Thursday 19 March 1998

Ngaio Marsh: Artists in Crime (1938)

Edition: Fontana, 1978
Review number: 13

Like Vintage Murder, this seems to me to be one of the very best of Ngaio Marsh's detective novels. By the time this book came out, the characters in her series (Alleyn, Fox, Bathgate and so on) were well-established, old friends. In Artists in Crime, another important series character is introduced, the painter Agatha Troy.

As so often happens in Ngaio Marsh's stories, one of the series characters interacts with one of the new characters before the murder happens. This follows on directly from the previous novel in the series, Vintage Murder, as the interaction takes place on the ship on which Alleyn returns from New Zealand to England. One of his fellow travellers is the artist Agatha Troy.

On her return to England, Troy is running a school for several pupils. It is at this school that the murder takes place; of the model they are using. She is a particularly infuriating person, and manages to severely annoy just about everyone. She defaces one of Troy's best portraits, is such a difficult sitter for another portrait that it has to be abandoned, is blackmailing at least one of the pupils, is pregnant by another; basically, no one is really going to miss her.

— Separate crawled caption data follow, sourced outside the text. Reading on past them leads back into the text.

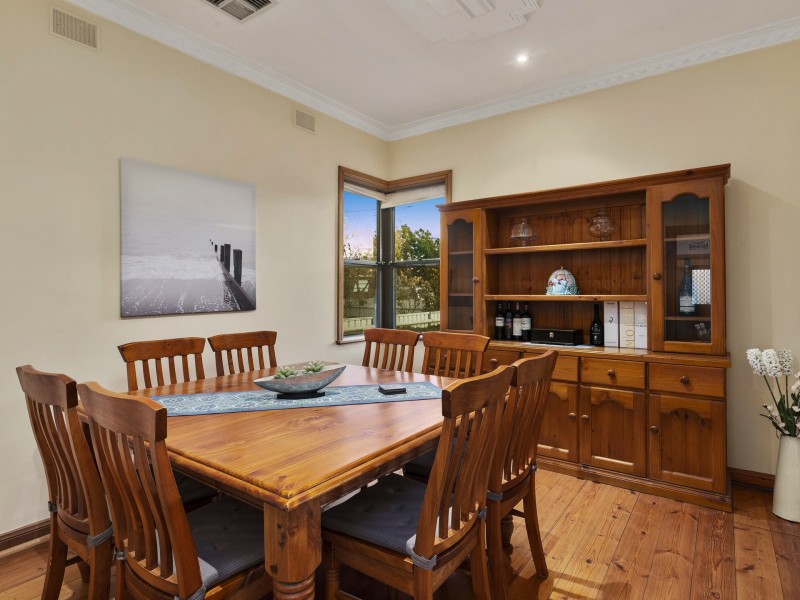 28 Glenburnie Tce, Plympton SA 5038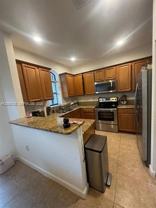 3178 3178 NW 103rd Pl th 3178 - Photo 1 of 1
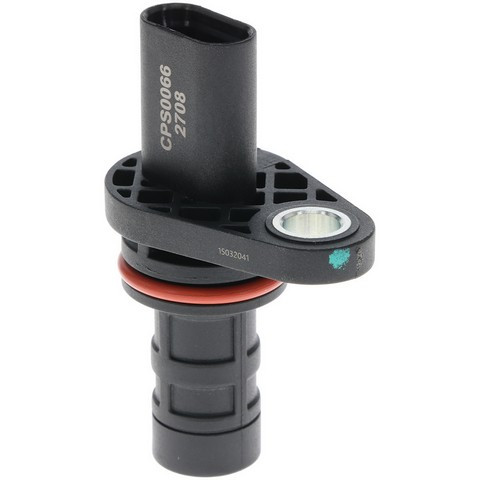 Hitachi Astemo Engine Crankshaft Position Sensor CPS0066 - view 4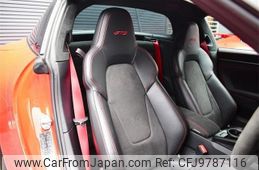 porsche 911 2022 -PORSCHE--Porsche 911 7BA-992NC2--WP0ZZZ99ZNS229280---PORSCHE--Porsche 911 7BA-992NC2--WP0ZZZ99ZNS229280-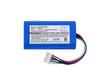 Battery for 3DR Solo transmitter AB11A Remote Controller CS-DRS100RH 7.4v 3400mA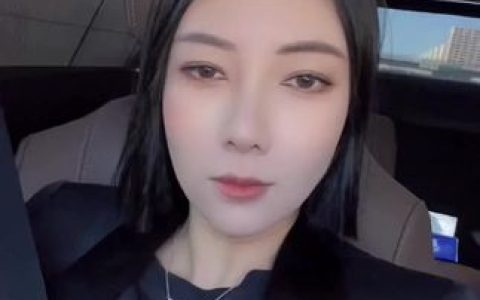 国际版TikTok果儿个人资料，全球影响力解读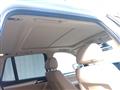 2013 BMW X3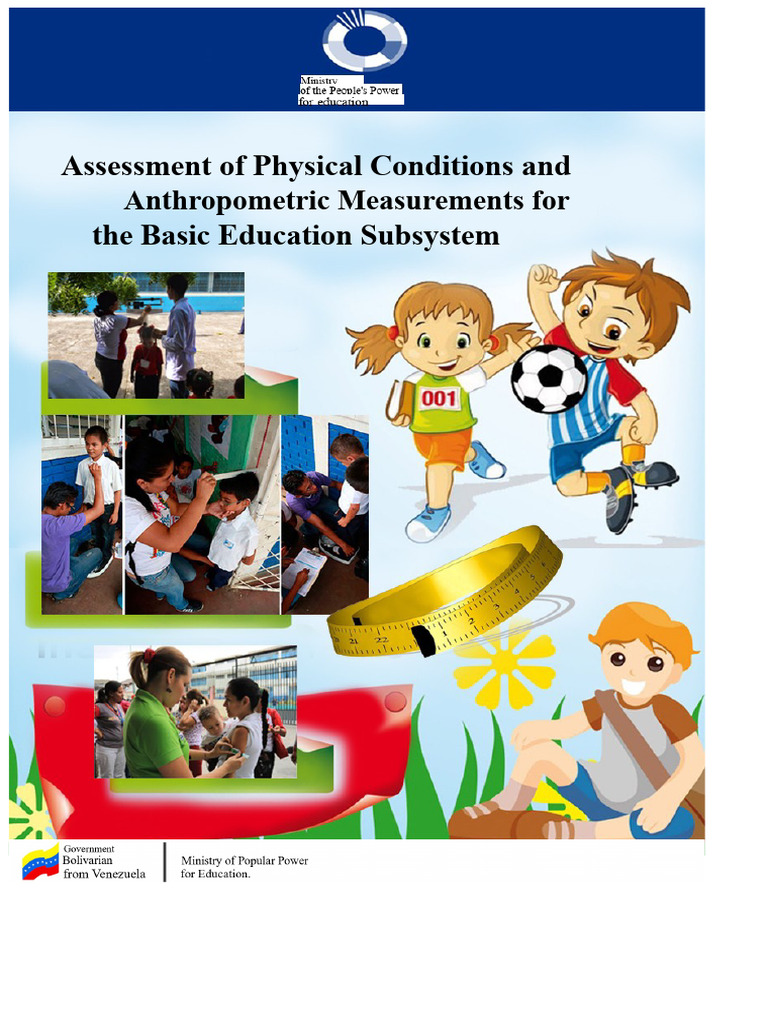 assessment-of-physical-conditions-and-anthropometric-measurements-rev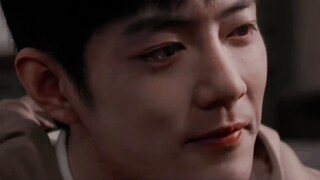 [Xiao Zhan Narcissus] ฝึกฝนตอนแรกของการโจมตีรถยนต์บังคับสามครั้งและอีกหนึ่งคนถูก ALL Yang คุมขังเล่น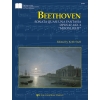 Sonata quasi una Fantasia Op.27 No.2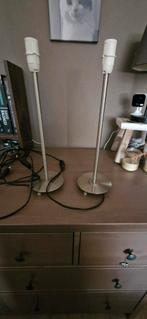 Mooie Lampenvoet - Stijlvol Design, Ophalen, Gebruikt, Minder dan 30 watt, Overige typen
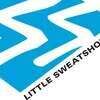 Little Sweatshop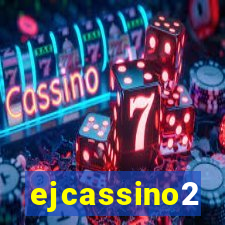 ejcassino2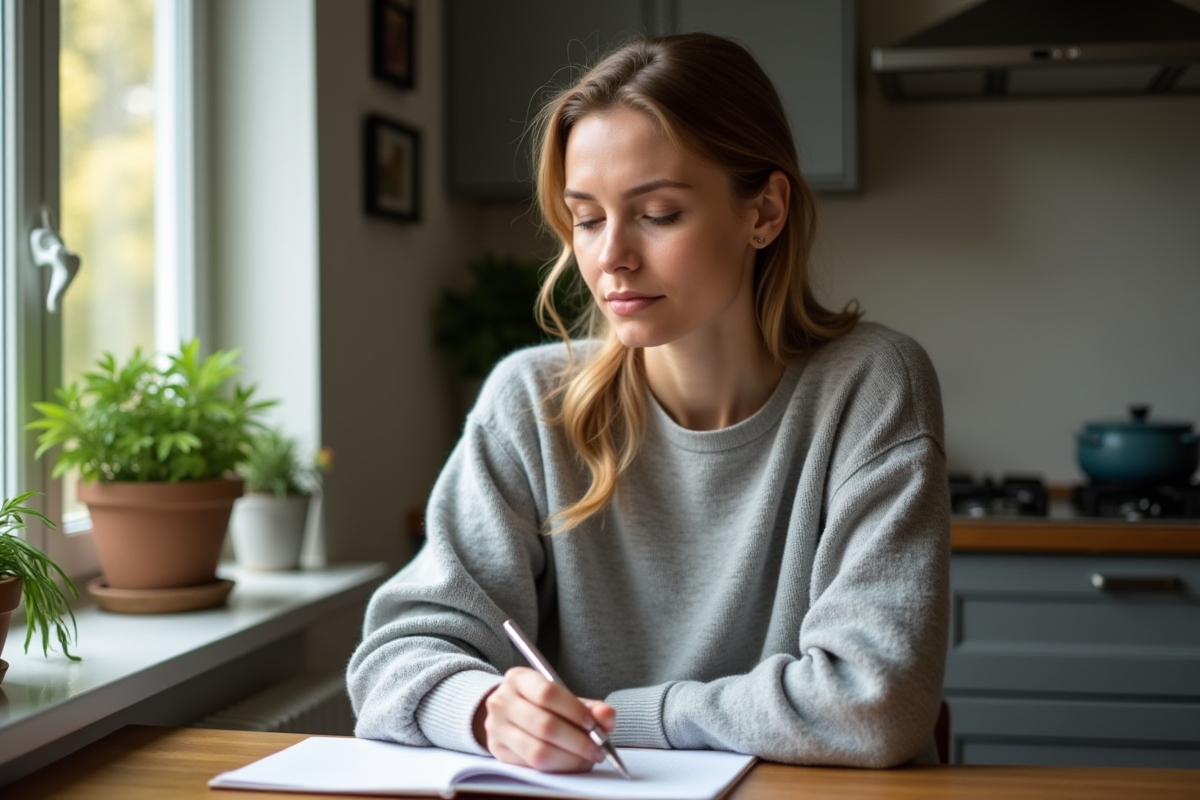 Carence responsable de la perte de poids : identification et gestion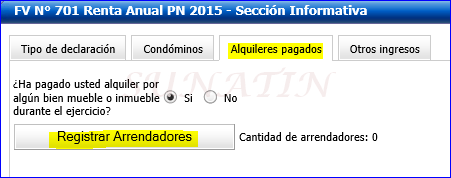 701-renta-anual-2015-pn-15
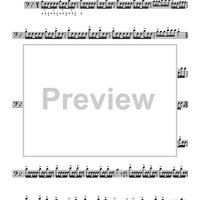 50 Exercises sur le Coup de Langue Ternaire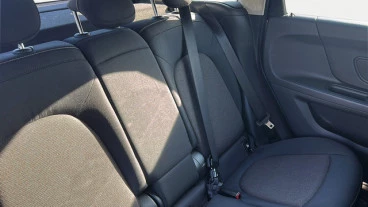MINI Countryman Cooper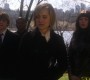Filename=822Smallville1002.jpg
Filesize=83KiB
Dimensions=1280x720
Date added=Mar 11, 2010 822Smallville1002.jpg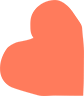 https://wellbeinghub.co.uk/wp-content/uploads/2022/01/floating_image_04_home_02.png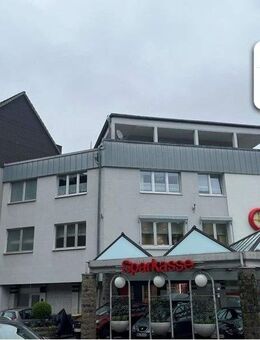 SCHADE HAUSVERWALTUNG - Renovierte 3-Zimmerwohnung in Schalksmühle zu vermieten! - Schalksmühle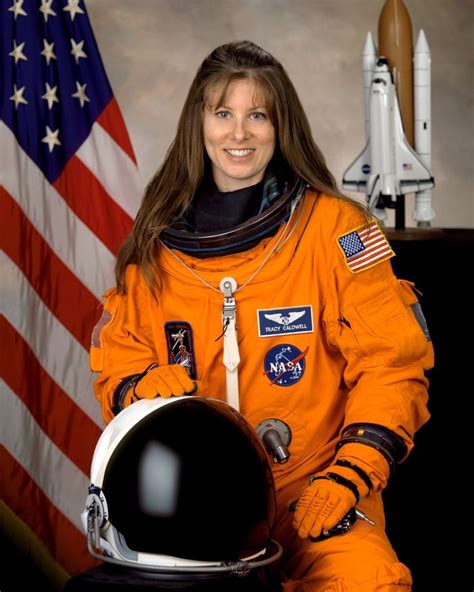 Tracy Caldwell Dyson Nasa Astronaut Space Shuttle Nasa Astronauts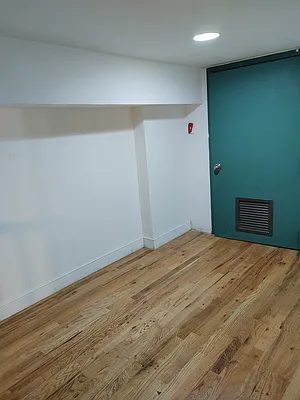 Rented by Brick Real Estate | media 21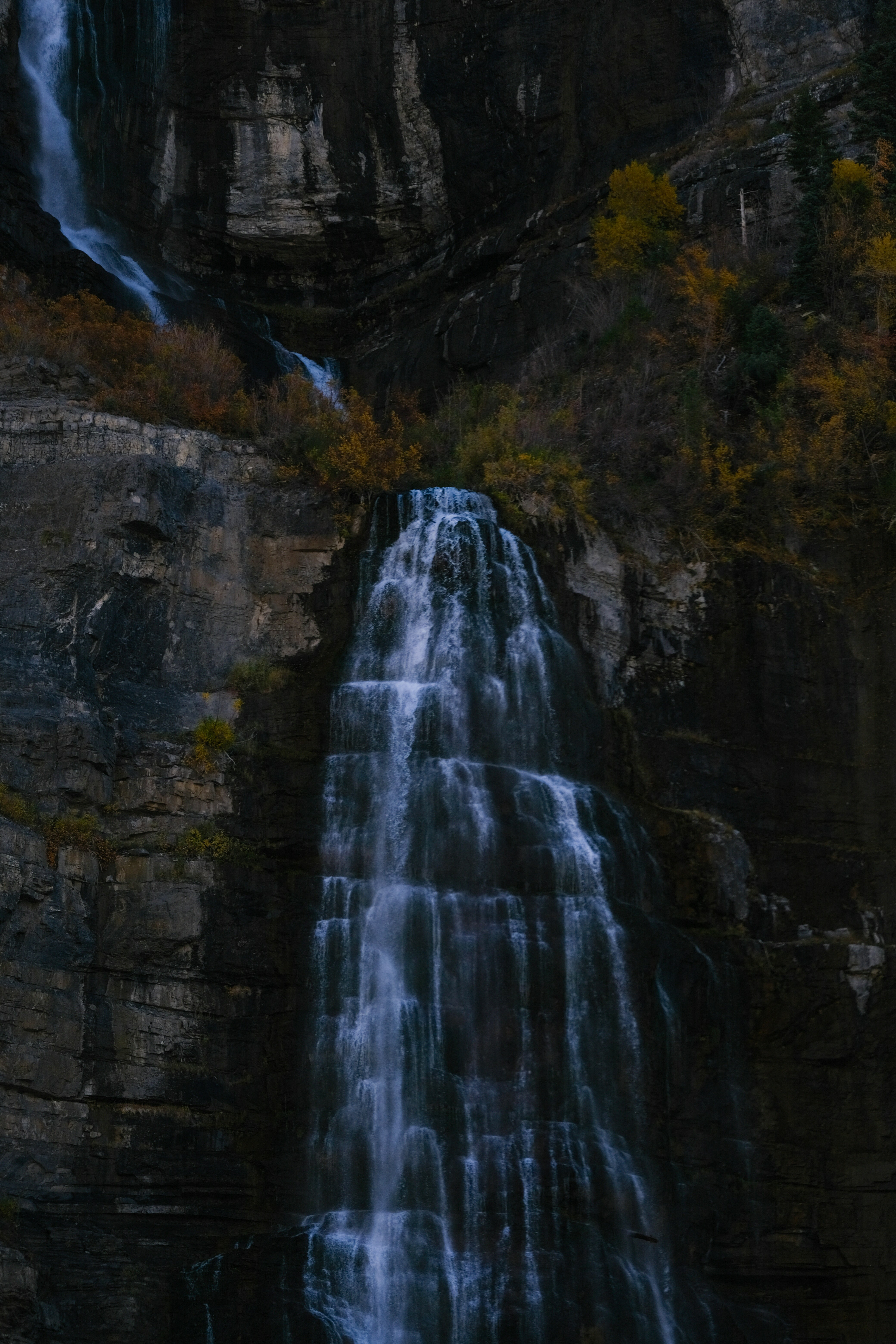 Photo by cestmoisheedy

The way in which she is murdered is typical of Marsh; a trap is laid which leads to the actual murder being committed by someone who didn't necessary set the trap (similar plots where the actual killer may not be the murderer include Enter a Murderer, for example).

The book includes one of the most unpleasant murdered bodies in the whole of classic detective fiction, but otherwise is an impeccable example of the art at its very best.